Cleaning up OpenIndiana repository

NOTE:

This is an internal document provided mostly for OpenIndiana maintainers

Due to current CI practices, OpenIndiana Hipster repository tend to bloat with old package versions. This causes several issues:

To fix these issues currently periodic manual cleanup is necessary. Note that during cleanup we preserve only latest versions of packages. Given that it's usually just 10-20% of all published packages, using pkgrepo remove is impractical.

The cleanup should be done on two sides: on the side of pkg server (pkg.openindiana.org) and on build server (hipster.openindiana.org) to avoid resyncing old package versions from build server to the pkg depot server.

Be sure to disable Jenkins jobs prior to the operation.

As transfering packages takes significant time (about an hour on build server and several hours on pkg server), you likely want to perform operations on both of them simultaneously.

Tasks held on the build server

We should cleanup packages produced by illumos-gate and oi-userland Jenkins jobs.

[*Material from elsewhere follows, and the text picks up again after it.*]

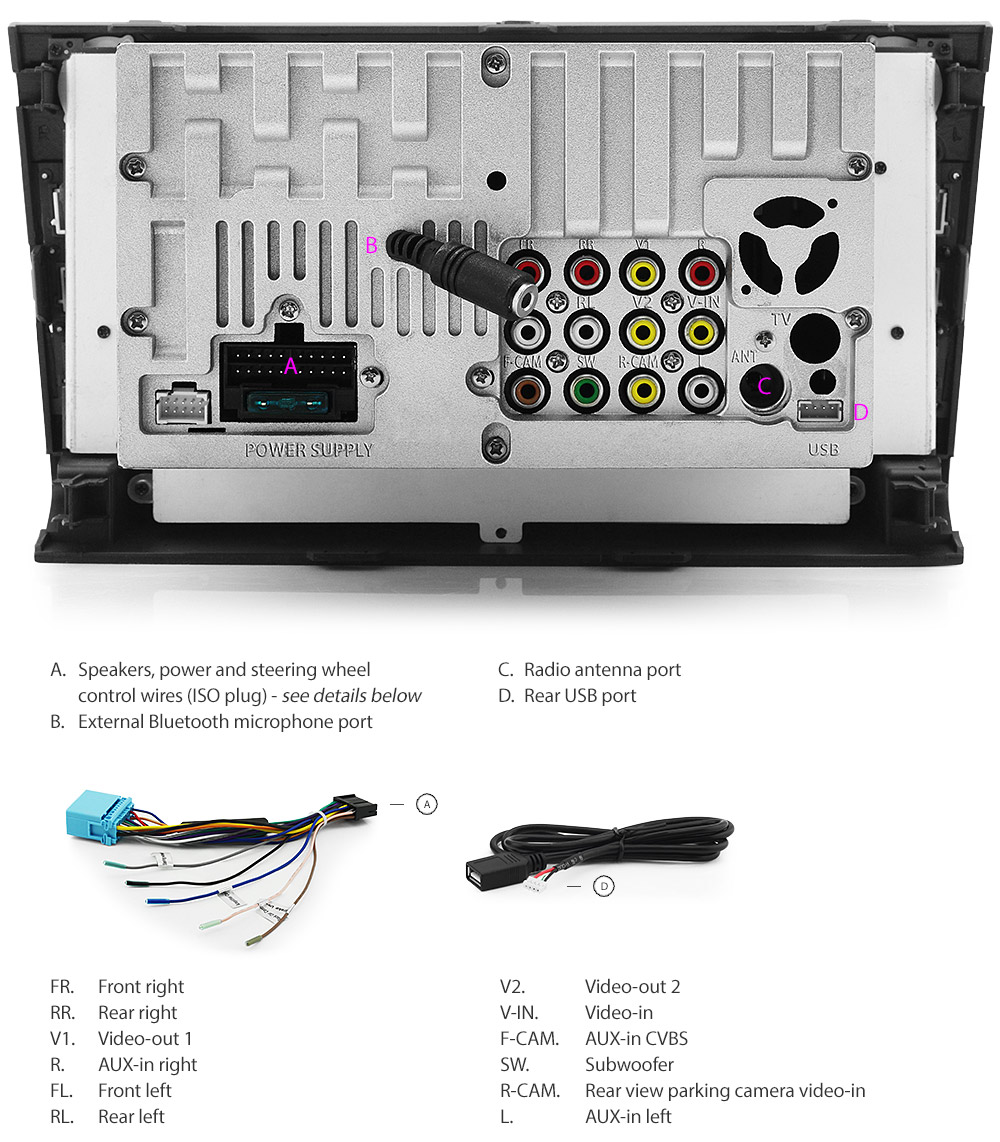 8 U0026quot Car Dvd Usb Mp3 Player For Suzuki Swift Head Unit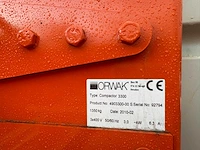 Orwak - compactor 3420 - papier shredder - afbeelding 3 van  3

We generally don't care about packages, produced by illumos-gate build job. They can be simply removed. Remove them from build area:

cd /jenkins/jobs/illumos-gate/workspace/components/openindiana/illumos-gate/
rm -fr build/i386/pkgre*
rm -fr illumos-gate/packages/i386/nightly*

and repository:

cd /jenkins/jobs/illumos-gate/workspace/i386/repo/
rm -fr publisher/openindiana.org/*

Packages, produced by oi-userland build job, are used to generate userland-incorporation, so we can't just drop them. We create new repository and populate it with latest packages. This step takes some time, so be sure to run it in screen or tmux environment.

cd /jenkins/jobs/oi-userland/workspace/i386/repo/
mkdir repo.new
cp repo/pkg5.repository repo.new/
pkgrecv -s repo --newest | tee pkg-list
cat pkg-list | split -l 100
for i in $(ls x*); do pkgrecv -s repo -d repo.new $(cat $i); done

Check that resulting repo contains all packages from old repository (diff should be empty).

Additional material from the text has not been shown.